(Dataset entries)
◇ ◇ ◇
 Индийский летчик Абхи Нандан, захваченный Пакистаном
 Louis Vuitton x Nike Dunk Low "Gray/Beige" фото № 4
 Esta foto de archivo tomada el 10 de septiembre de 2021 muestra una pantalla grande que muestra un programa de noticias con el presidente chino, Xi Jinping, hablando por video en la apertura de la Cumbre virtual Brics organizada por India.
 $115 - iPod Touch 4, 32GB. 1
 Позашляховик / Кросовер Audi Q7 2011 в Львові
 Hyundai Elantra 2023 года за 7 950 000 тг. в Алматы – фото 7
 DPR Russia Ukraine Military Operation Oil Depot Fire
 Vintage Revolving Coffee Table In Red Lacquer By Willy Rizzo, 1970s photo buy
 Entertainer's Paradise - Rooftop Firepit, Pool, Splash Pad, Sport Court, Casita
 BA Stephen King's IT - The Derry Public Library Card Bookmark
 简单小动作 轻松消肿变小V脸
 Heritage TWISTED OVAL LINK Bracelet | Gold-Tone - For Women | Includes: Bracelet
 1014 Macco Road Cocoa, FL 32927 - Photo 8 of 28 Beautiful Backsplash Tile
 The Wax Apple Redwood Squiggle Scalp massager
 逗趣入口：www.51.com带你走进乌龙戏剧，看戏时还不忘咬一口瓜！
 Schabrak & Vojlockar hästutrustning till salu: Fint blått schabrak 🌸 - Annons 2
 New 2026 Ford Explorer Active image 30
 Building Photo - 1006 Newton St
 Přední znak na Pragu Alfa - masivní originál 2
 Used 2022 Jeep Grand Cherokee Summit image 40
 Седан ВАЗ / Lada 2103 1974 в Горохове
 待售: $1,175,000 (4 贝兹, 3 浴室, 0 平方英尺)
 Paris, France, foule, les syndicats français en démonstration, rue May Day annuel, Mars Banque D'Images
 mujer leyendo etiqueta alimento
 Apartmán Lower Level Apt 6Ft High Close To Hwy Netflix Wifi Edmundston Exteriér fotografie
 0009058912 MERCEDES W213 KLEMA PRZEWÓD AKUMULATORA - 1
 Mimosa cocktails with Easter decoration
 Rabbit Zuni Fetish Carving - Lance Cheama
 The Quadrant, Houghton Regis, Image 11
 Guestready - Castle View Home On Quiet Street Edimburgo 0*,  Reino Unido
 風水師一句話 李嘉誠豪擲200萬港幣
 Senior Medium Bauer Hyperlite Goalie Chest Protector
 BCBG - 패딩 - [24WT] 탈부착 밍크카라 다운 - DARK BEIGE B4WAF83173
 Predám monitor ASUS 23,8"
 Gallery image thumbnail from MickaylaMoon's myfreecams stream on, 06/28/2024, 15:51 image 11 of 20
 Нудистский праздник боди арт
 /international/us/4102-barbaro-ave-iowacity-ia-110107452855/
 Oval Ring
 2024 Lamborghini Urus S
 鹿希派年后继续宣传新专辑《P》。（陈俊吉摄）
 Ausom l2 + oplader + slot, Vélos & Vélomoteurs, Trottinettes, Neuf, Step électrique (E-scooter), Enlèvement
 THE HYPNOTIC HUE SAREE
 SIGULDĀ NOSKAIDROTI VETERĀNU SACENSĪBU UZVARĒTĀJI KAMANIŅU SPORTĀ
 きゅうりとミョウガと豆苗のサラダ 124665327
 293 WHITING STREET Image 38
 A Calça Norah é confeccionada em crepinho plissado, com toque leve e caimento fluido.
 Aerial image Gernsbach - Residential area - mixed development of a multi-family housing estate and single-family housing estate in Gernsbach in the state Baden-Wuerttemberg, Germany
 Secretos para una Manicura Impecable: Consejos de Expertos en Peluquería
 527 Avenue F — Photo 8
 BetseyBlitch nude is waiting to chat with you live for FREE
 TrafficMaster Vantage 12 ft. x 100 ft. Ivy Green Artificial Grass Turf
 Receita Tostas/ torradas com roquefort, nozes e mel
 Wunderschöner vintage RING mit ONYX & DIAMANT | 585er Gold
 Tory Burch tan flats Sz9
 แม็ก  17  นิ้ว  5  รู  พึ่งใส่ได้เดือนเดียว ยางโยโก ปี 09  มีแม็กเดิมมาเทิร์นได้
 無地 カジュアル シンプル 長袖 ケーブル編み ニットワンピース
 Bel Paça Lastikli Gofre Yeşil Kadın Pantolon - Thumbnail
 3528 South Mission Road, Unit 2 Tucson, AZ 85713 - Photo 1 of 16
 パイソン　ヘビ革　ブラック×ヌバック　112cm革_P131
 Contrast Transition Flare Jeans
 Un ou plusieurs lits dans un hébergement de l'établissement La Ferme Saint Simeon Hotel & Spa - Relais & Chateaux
◇ ◇ ◇
Among the lines of the entries above, count those containing the string "Road". Write the number alone.

### Task answer
2